敷地は市街地からさほど離れていない、田畑が一面に広がる市街化調整区域の一角。
海が大好きな住まい手が自らの手で探し出した掘り出し物の土地は、のどかな風景の中にあった。とは言え、作業が出来ない冬季を除いては、田畑に人が行き来する・・・そんなこちらの心配をよそに住まい手からは、「ここを住まいとして選んだ以上、農作業をしている方たちと共存したい!周囲の田畑に向けて大きく広がる気持ちの好い空間が欲しい!」と要望が出された。なんとも自然を愛する住まい手Hさんらしい。
よって、生活の場の構成は上下階で完全に公私を分離し、下階の「共存部」は南側の大きな開口部でサンデッキ・庭・畑へと繋がりを持たせ、周囲の景色を採りこめるように配慮した。

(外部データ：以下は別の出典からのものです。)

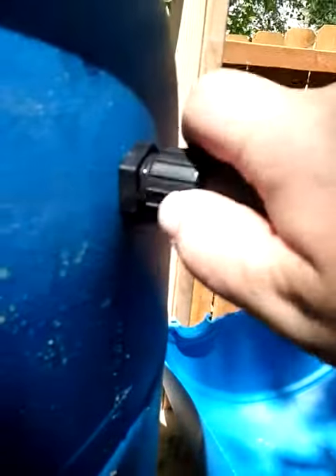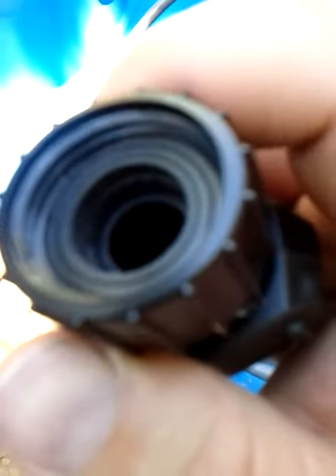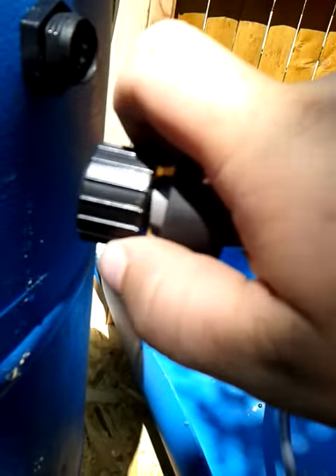But one of the problems I had was I'd put the hose on and you don't quite get a seal. It'll thread on, but if you look in here, there was only one gasket, and so I'd put it on and it would wiggle and loosen up.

上階に浴室・洗面室を配する事に最初は難色を示したHさんも自身の生活リズムを再認識し、最終的には当方の提案で快諾してくれた。また、上階に浴室を設けることは、外部の干渉からの過剰な防御が不必要な為、浴室からも田畑の緑を臨む事ができる開口部が確保できる。Hさんにとって、その開口部は上階に浴室を設ける大きな決め手になったようだ。
住まい手の努力により田畑の緑の中に生まれた小さなこの住まいは、年を重ねる度に地域と程好く共存していってくれるのだと思う。